Limited housing stock has emboldened more Americans to demand lower commissions.

You just sold your home for $400,000. Good going, nice job, congratulations. Kudos are also due to the real estate agents who helped you close the deal. If you live in a part of the country where the standard commission is 6 percent, you probably just paid them $24,000. Or maybe not.

Real estate commissions are set by custom, not written in stone, and a new survey suggests Americans are haggling. Sixty percent of people who sold a home in the U.S. over the last year got a discount from their agent, with average savings of 41 percent off the standard commission, according to real estate brokerage Redfin. These aren’t trivial amounts: If you’re selling a $400,000 house and manage to cut your agent’s commission to 5 percent, you just saved $4,000. If you got the 41 percent discount that Redfin’s survey identified as the average, you saved just under $10,000.

Why are sellers cutting better deals? One explanation is that low inventory in some markets means a lot of agents are fighting over a small number of listings. In May, the number of U.S. homes listed for sale was down 4.2 percent from the previous year, according to data published by Realtor.com. The shortage of homes for sale has been the dominant theme in such markets as San Francisco and Dallas, driving up prices and forcing buyers to make snap decisions and waive contingencies. Lately, those conditions have been migrating to smaller, less likely cities, including Omaha, Neb., and Buffalo, N.Y. Not only do tight markets create more competition between agents, they also tend to increase sales prices and decrease the amount of time it takes to sell a home—two factors that are probably making it easier for an agent to accept a lower fee.

An additional theory, advanced by Redfin in a blog post accompanying the survey results, is that agents agreeing to accept discounted fees are responding to pressure from real estate tech startups. That cohort includes Redfin, a Seattle-based brokerage that charges sellers 1.5 percent to list a home, so it might pay to consider the source. Still, its plausible that online real estate companies are driving down commissions by charging lower fees, helping sellers list homes without agents, or forcing traditional agents to compete for new leads. 

“It used to be that I would go to a listing appointment and the sellers were already completely sold on hiring me,” said Elizabeth Weintraub, who leads a team of agents at Lyon Real Estate in Sacramento, Calif. “Now it seems like I’m having to spend most of the appointment explaining why I’m worth the commission.”

Weintraub’s argument is that 40 years in the business have given her a keen sense of when a buyer is likely to be turned down for a loan, or when there’s room to coax a prospect into making a higher offer. Others have argued that a seller who insists on paying a lower commission runs the risk of limiting the number of would-be buyers who look at the home. That’s because agents representing buyers are usually paid out of the sellers’ commission, and reduced fees have a way of trickling down.
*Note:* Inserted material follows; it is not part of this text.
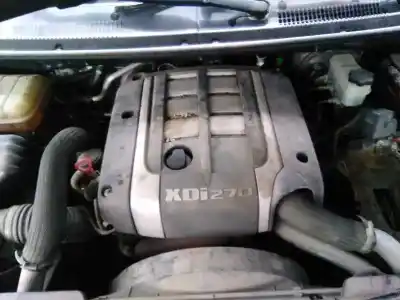 Здавання транспортного засобу ssangyong rodius xdi року 2006 потужний d27dt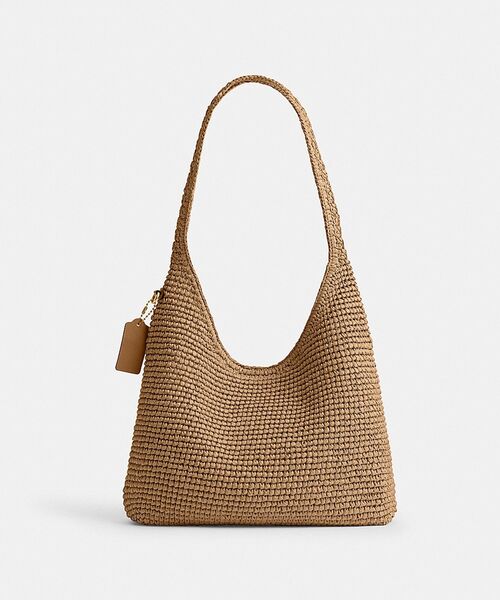 COACH（コーチ）の「ブルックリン ショルダー バッグ 28（かごバッグ）（かごバッグ・レディース・ベージュ系その他・ONE）」の9枚目の写真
Another favorite thesis is that an agent who can’t defend his or her commission is likely to fold when negotiating the actual sale—although if you believe that, you should double your agents’ commission on the theory that the service you get in return will be twice as good.

A more plausible argument is that not all sellers look the same to real estate agents. Homes that sell for higher amounts generate larger commissions—and probably create some additional wiggle room for agents to cut fees. Likewise, a seller who plans to use the same agent to sell their old home and buy a new one probably has extra leverage in bargaining.

The Redfin survey indicates that even sellers with more modest properties and no plans to buy a new home should inquire about reducing their fee. As any good negotiator would tell you, it doesn’t hurt to ask.